--- Exercise goal ---
A faithful, word-for-word copy of the data below is required, without pictures.

--- Recorded information ---
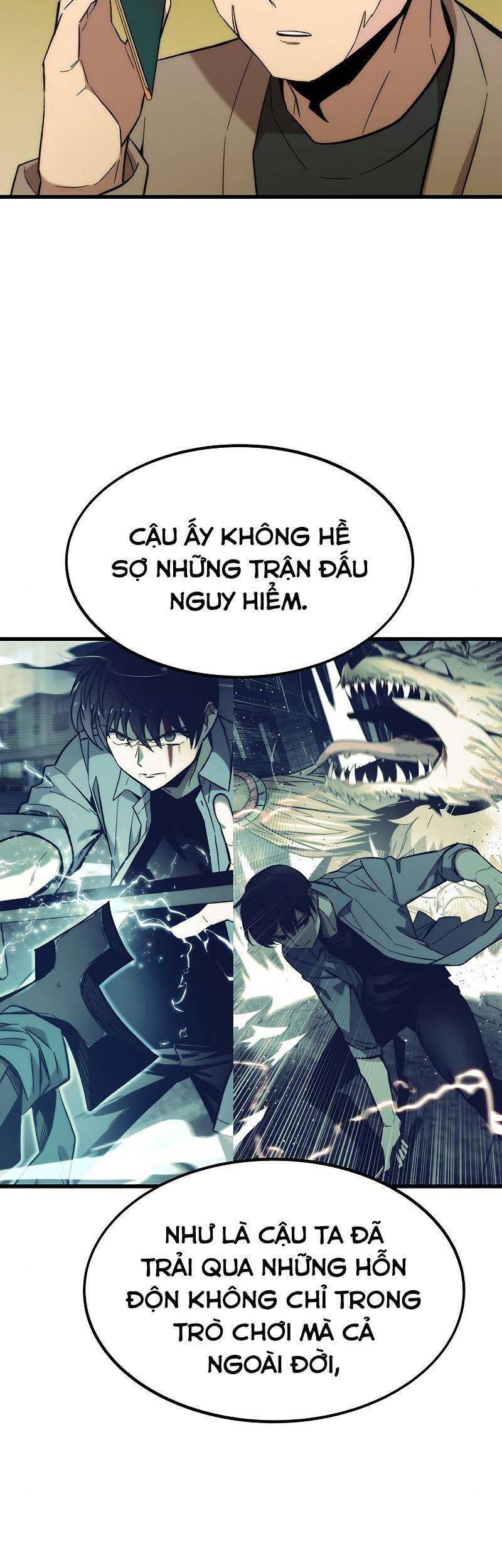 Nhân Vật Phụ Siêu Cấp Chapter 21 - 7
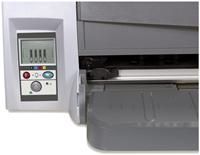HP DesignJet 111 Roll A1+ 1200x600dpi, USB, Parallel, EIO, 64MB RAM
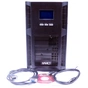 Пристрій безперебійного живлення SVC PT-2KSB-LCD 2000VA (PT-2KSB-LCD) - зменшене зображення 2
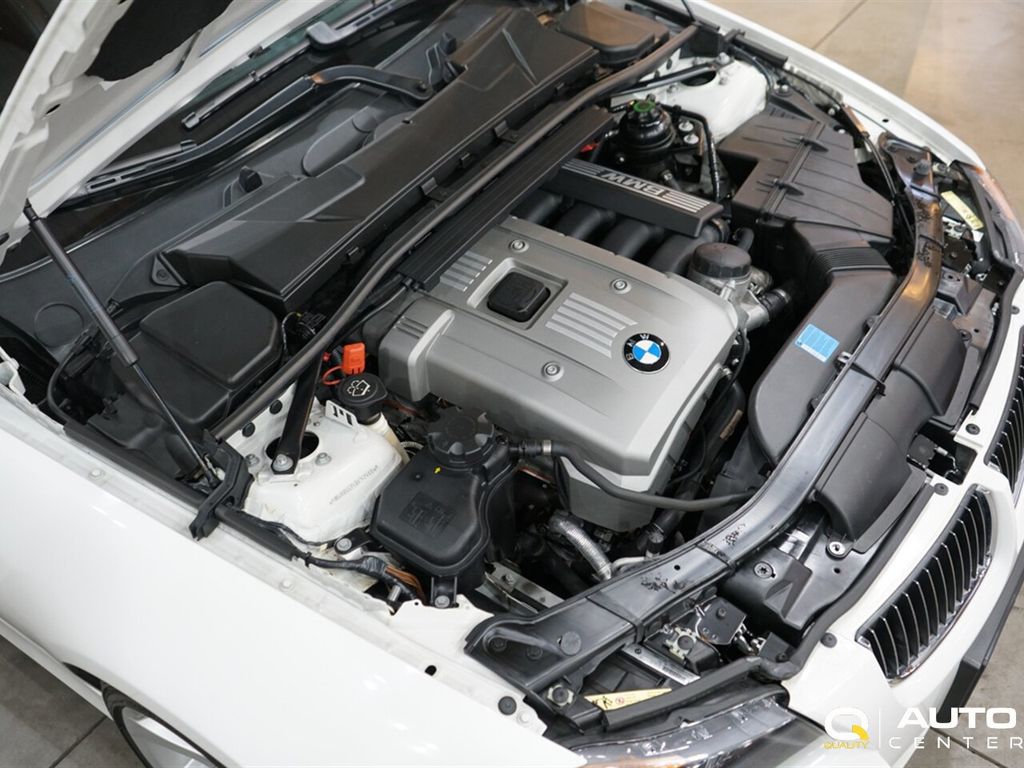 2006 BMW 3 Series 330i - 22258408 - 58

--- Output below ---
 Nhân Vật Phụ Siêu Cấp Chapter 21 - 7
HP DesignJet 111 Roll A1+ 1200x600dpi, USB, Parallel, EIO, 64MB RAM
 Пристрій безперебійного живлення SVC PT-2KSB-LCD 2000VA (PT-2KSB-LCD) - зменшене зображення 2
 2006 BMW 3 Series 330i - 22258408 - 58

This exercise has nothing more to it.